Biden breaks a campaign promise

As a candidate in the 2020 presidential election, Biden vowed to block this type of project, saying that there would be “no more drilling on federal lands, period.”

However, the Biden administration has said it felt constrained legally in attempting to block the project, which was previously approved by the Trump administration. The Biden administration determined that a judge would have prevented them from rejecting the project, according to CNN.

The drill site approved by Biden will include 68,000 fewer acres than what ConocoPhillips was initially seeking.

Approving the plan will generate an estimated $17 billion in revenue for the federal government and could create as many as 2,500 jobs in Alaska. Mary Pelota (D-AK), the first native Alaskan in Congress, hailed Biden’s decision to approve the project.

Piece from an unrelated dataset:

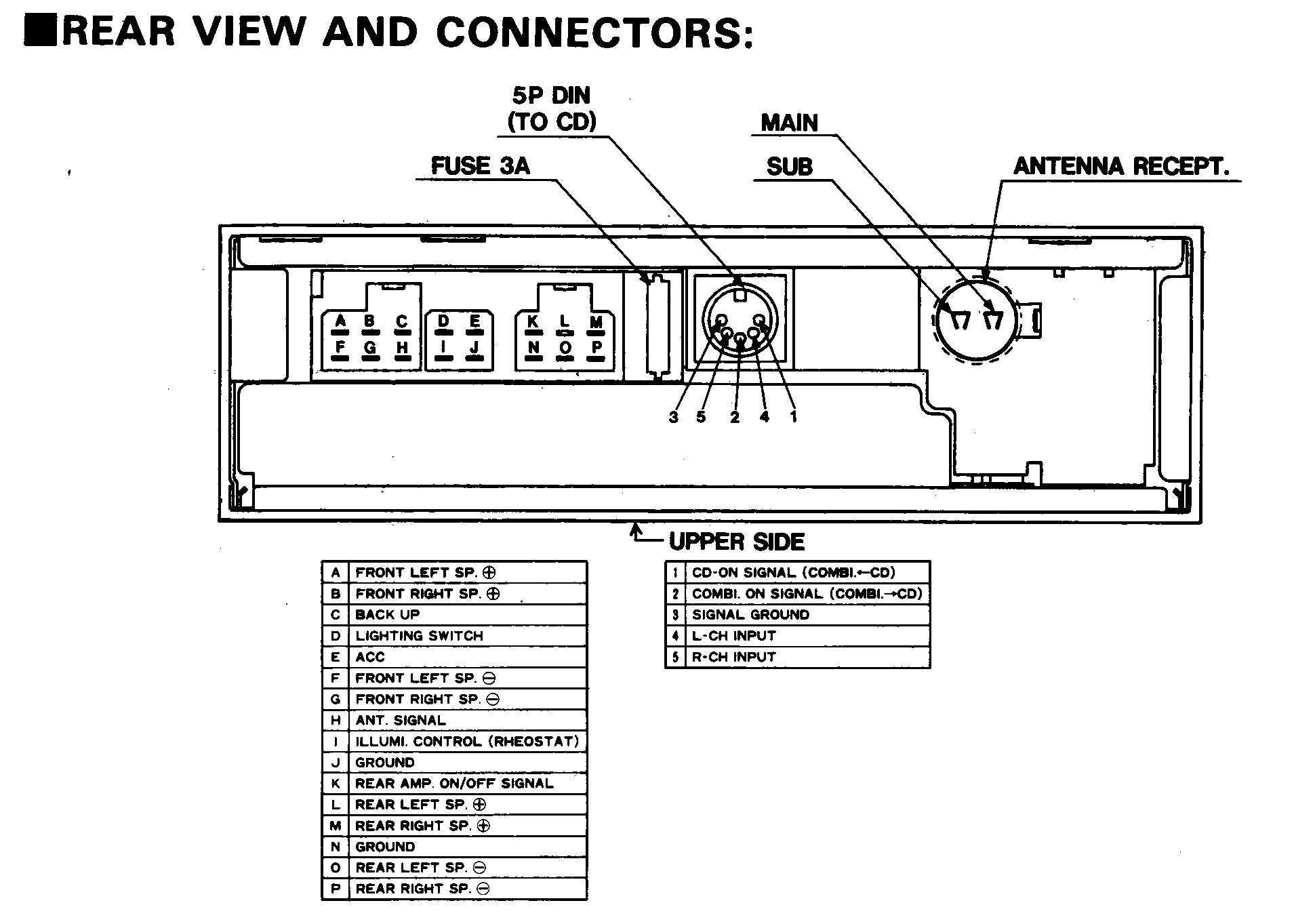 Panasonic Cq Vd7001U Wiring Diagram from mainetreasurechest.com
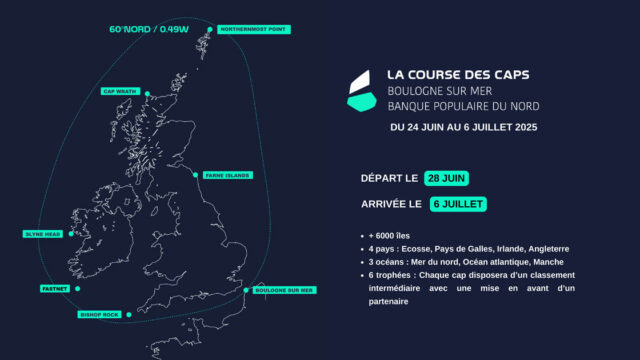 La Course des Caps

“After years of consistent, determined advocacy for this project, from people all across the state and from every walk of life, the Willow Project is finally moving forward,” Peltola said. “I would like to thank the President and his administration for listening to the voices of Alaskans when it mattered most.”

What does it mean to ban drilling in the Arctic circle?

Biden also announced new restrictions on drilling in the region, banning future oil and gas leasing for the entire US-controlled area of the Arctic Ocean.

The administration also plans to protect 13 million acres in Northern Alaska, all part of the same National Petroleum Reserve where the Willow project was approved. This area is an important habitat for local wildlife, including polar bears and migratory seabirds.

Senator Dan Sullivan (R-AK) sharply criticized these new restrictions, characterizing the move as the Biden administration politicizing an issue to cater to national political trends.

“The fact that this [approval] comes with the announcement of future legally-dubious resource development restrictions on Alaska lands and waters is infuriating and demonstrates that the Biden Administration’s unprecedented lock-up of our state will continue,” Sullivan said in a statement.

The decision to ban drilling in this region comes without much apparent demand, as multiple companies have left the region after finding minimal oil and gas reserves. In 2015, Shell abandoned its plans to drill in the Arctic Sea off the coast of Alaska after it found only marginal amounts of crude oil reserves. BP sold off its Alaska operations in 2019.